Diğer türler de bu tip çıkarımları farklı seviyelerde yapabiliyor. Başarılı bir av için, saldırı hattı planlaması, avın çıkardığı sesten konum ve mesafe tespiti gibi.
İnsanın farkı, sadece duyusal girdilerle yapılamayacak çıkarımları da yapabilmesinde yatıyor.
Duyusal girdileri inançlar ile harmanlayarak, görülenin, duyulanın ötesini modelleyebiliyor.
Örneğin, yüksek bir bina üzerinden bir topun atıldığı an ile yere çarpacağı an arasında saatin kadranlarının değişimini modelleyebiliyoruz.
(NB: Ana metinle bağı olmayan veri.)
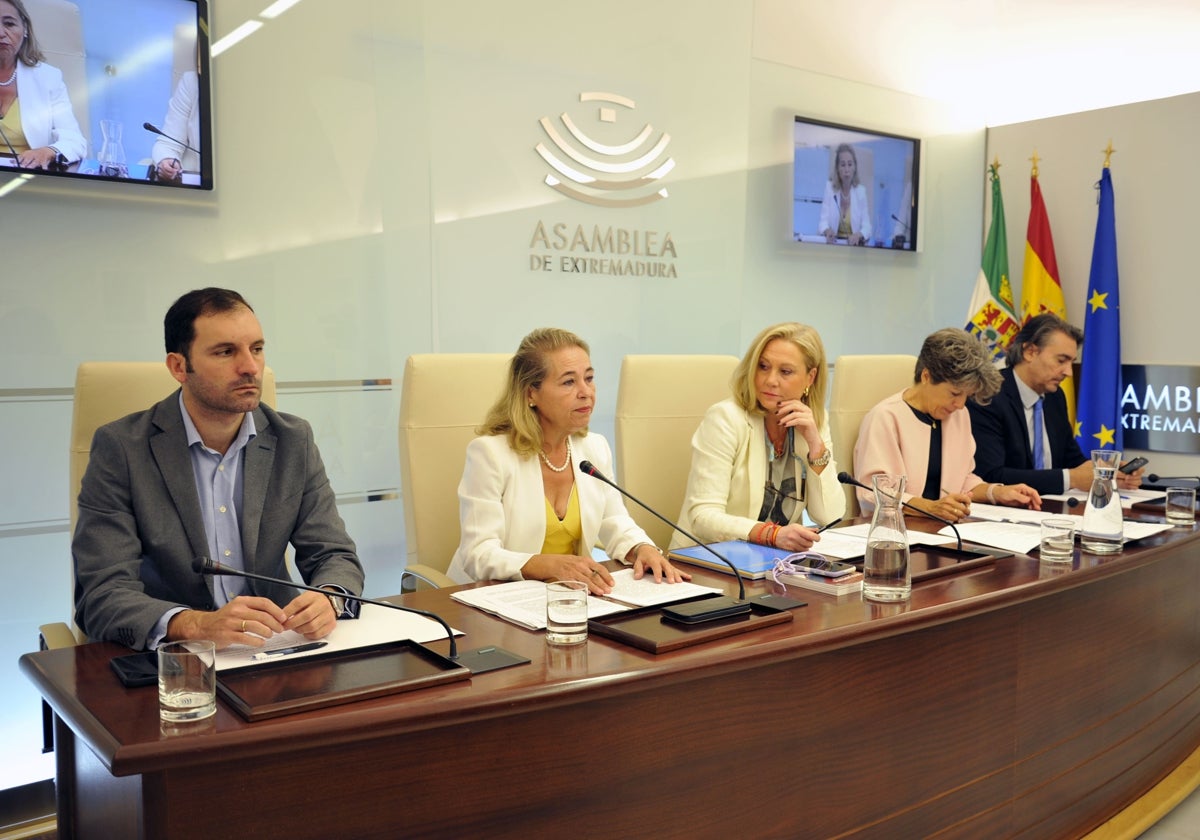 La consejera de Educación, Mercedes Vaquera, en la Asamblea.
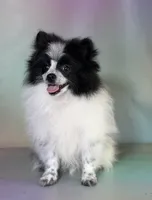 Aca shiba, a female Pomeranian for sale in Canton, OH – 8 of 9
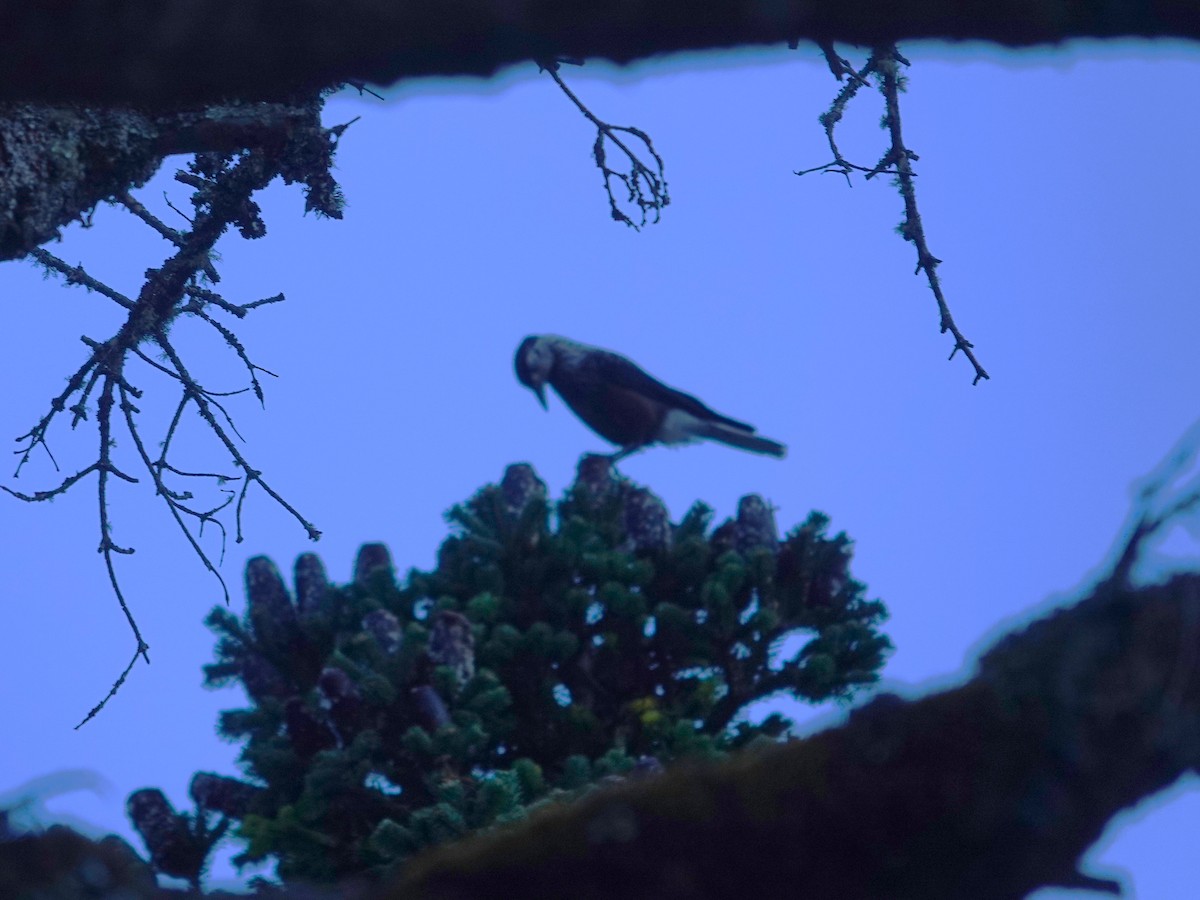 Southern Nutcracker - ML646238245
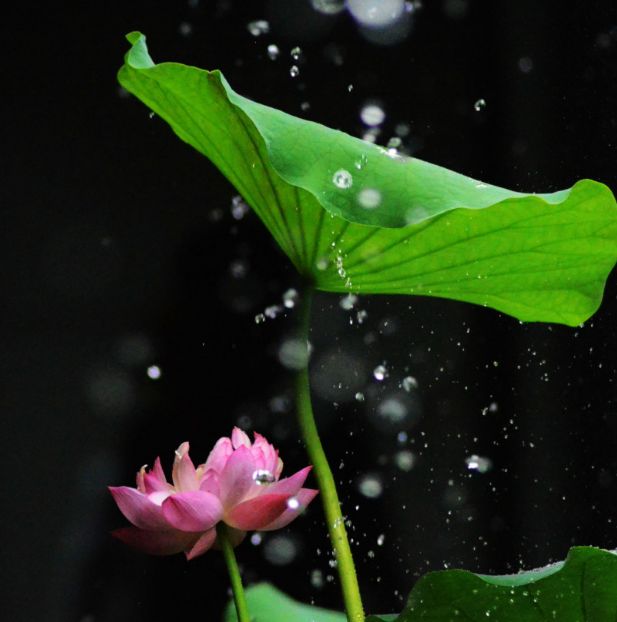 「诗词鉴赏」雨中荷花别样美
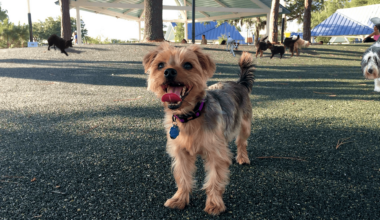 dog standing in a park smiling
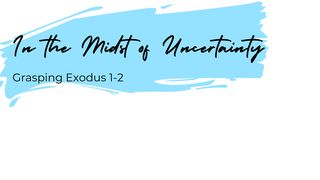 In the Midst of Uncertainty: Grasping Exodus 1-2 Exodus 1:17 New Living Translation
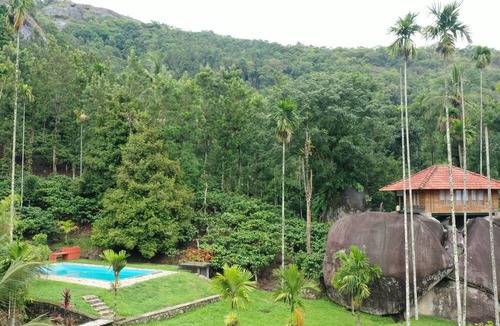 Kalpetta Resort | Avadale Wayanad - Stag Group Not Allowed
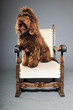 Barbet dog on grey background. French Water Dog. Studio shot.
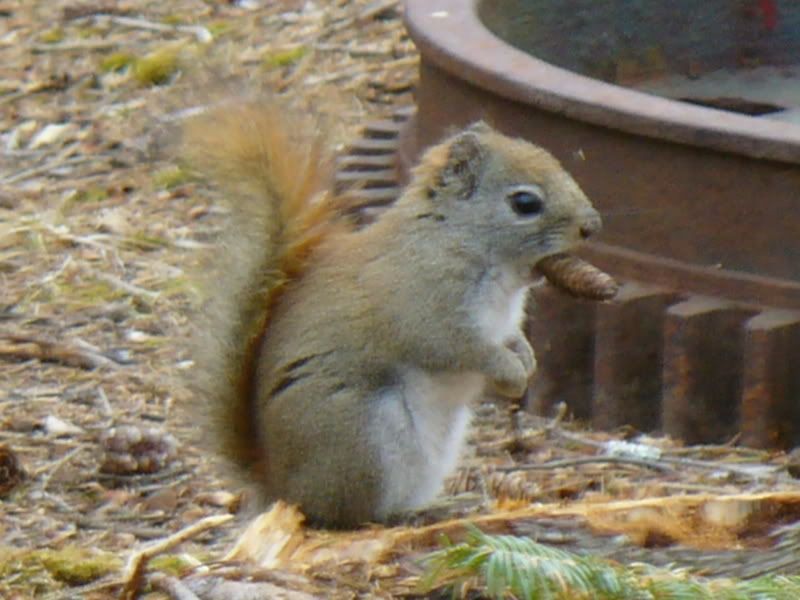 Cigar Squirrel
Binanın 120m yüksekliğe sahip olduğuna ve saniyenin karesinde 9,8 metrelik yerçekimi etkisinin olacağına ilişkin inançlarımızı; saatin saniye sayacının 12 üzerindeki poziyonunda olduğuna ilişkin görsel girdi ile birlikte değerlendirip, topun yere çarptığında saniye sayacının 1'in üzerinde olacağını (5 saniye) söyleyebiliyoruz.
Duyuların ötesini modelleyebilen tek türüz.
Bu bizim en güçlü yönümüz. Diğer taraftan en zayıf noktalarımızdan birisi de bu.
Sıklıkla görülemeyenle birlikte gerçek olmayanları da modelliyoruz.
Örneğin filojiston, yani ateş elementi hikayesi gibi.
Ateşin hikayesi insanlar için uzun bir süre bilinmeyen olarak kalmış.
Johann Joachim Becher tarafından 1667 yılında ortaya atılan ateş elementi (filojiston) teorisi, 18. yüzyıl sonlarına kadar geçerli kabul edilmiş.
Cisimlerdeki yanma esnasında, filojiston isimli ateş elementinin salındığını iddia eden bir teori. Filojistik maddeler yandığı zaman, uzaklaşan bir ateş ruhuna ve küle dönüştüğü düşünülüyordu.
Günümüzde sıklıkla element uyduran gruplarla karşılaşıyoruz. Politikacılar, gazeteciler, tartışma programı yorumcuları, kahinler, gurular ve benzerleri.
Sosyal medya ortamı da element uyduranlardan müstesna değil bu arada.